The datasets include descriptive metadata (title, tags, description) that can be used for training, and provenance information (ID, uploader, license). The ID is the unique identifier coinciding with the Freesound ID, the uploader field can be used for statistical purposes or potentially to batch-exclude data from users proven to be low-quality, and the license field indicates the terms under which the sound and its data can be used.
The two datasets share the same metadata structure and can therefore be easily used in combination. Metadata is provided through a CSV file with the following columns: sound_id, class, class_idx, class_top, confidence, uploader, license, title, tags, and description (see the Zenodo README files for detailed explanations). Note that the confidence column is empty for the BSD35k-CS dataset as this information is not available.
Note that data splits are not provided for the development datasets. Feel free to create your own splits for system develoment. For training our baseline system, we follow a 5-fold cross validation approach and report the average of the evaluation metrics per fold. If you want, you can follow the same strategy and even use the same random seed to replicate the same folds (you'll find all the necessary info in the baseline code).
Audio is provided in single-channel, 44.1 kHz, 24-bit format, with maximum duration cropped to 30s. In addition to the audio and its textual metadata, we also provide precomputed embeddings extracted using the LAION-CLAP model, both from an audio input and from a text input. The text embeddings are extracted using a combination of metadata fields as input, namely the sound title, tags, and description. Additional details can be found in the corresponding Zenodo README files for each dataset. The classes featured in the Broad Sound Taxonomy are listed above in Figure 1. A textual description with some examples for each of the classes can be found in the BST Freesound FAQ page.

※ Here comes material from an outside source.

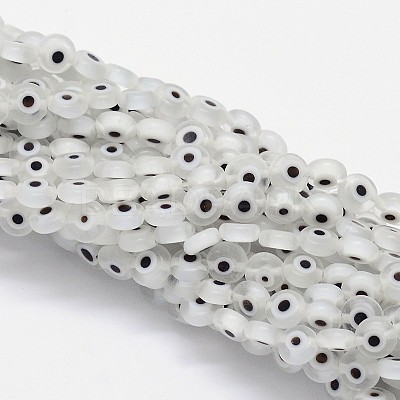 Handmade Evil Eye Lampwork Flat Round Bead Strands LAMP-L058-8mm-07-1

Both datasets are already available for download:
Evaluation dataset
The evaluation dataset is used for ranking submissions. It contains ~2,000 Freesound sounds, manually labeled with the corresponding BST category and uploaded after April 1st 2025. This set contains heterogeneous sounds, balanced across the 23 target second-level BST categories. Diversity within each category is also assessed. The dataset does not overlap with the development datasets.
The evaluation dataset, without ground truth labels, will be published one month before the submission deadline so participants can run inference and submit a CSV file with the predictions for evaluation of the systems (see Submission section below). After the challenge, if you want to evaluate your proposed system with the official challenge evaluation setup, the category labels for the evaluation dataset will be released.
External Data Resources and Pretrained Models
The use of both external data and pretrained models is allowed. However, to avoid any overlap with the evaluation dataset, participants should make sure that no Freesound data uploaded after April 1st 2025 is used directly in their training pipeline or indirectly through the use of pretrained models that use Freesound data from that period. Note that none of the widely used Freesound-based datasets and pretrained models (e.g. FSD50k, ESC-50, LAION-Audio-630K, WavCaps, etc.) uses Freesound data uploaded after that cutoff date. Note that the list of external resources used must be clearly indicated in the technical report and submission files.
Task Rules
There are general rules valid for all tasks; these, along with information on technical report and submission requirements, can be found here. Beyond such rules, the only task-specifc rule has to do with the use of external data resouces and pretrained models, and is described in the subsection immediately above.
Evaluation
As evaluation metrics, we use variations of the standard Precision, Recall and F-score (P, R, F) metrics which take into account the class hierarchy (hP, hR and hF). These metrics assign a stronger penalty for misclassifications that are incorrect at both levels of the taxonomy (i.e. confusing two classes with a common parent results in better accuracy than confusing two classes with different parents). The main metric will be macro-averaged hierarchical F-score (i.e., hF computed for each target second-level BST class, and then averaged over all classes).
The original hP, hR and hF are described in the paper cited at the end of this section, nevertheless, we use a modified version which allows us to parametrically (using parameter λ) adjust the weight given to classifications that are correct only at the top level of the taxonomy. To give a further intuition of how the metric behaves, the table below reports simulations of hP, hR and hF scores (λ=0.75) for fake systems with the following characteristics:
- Perfect: a system with perfect prediction capabilities.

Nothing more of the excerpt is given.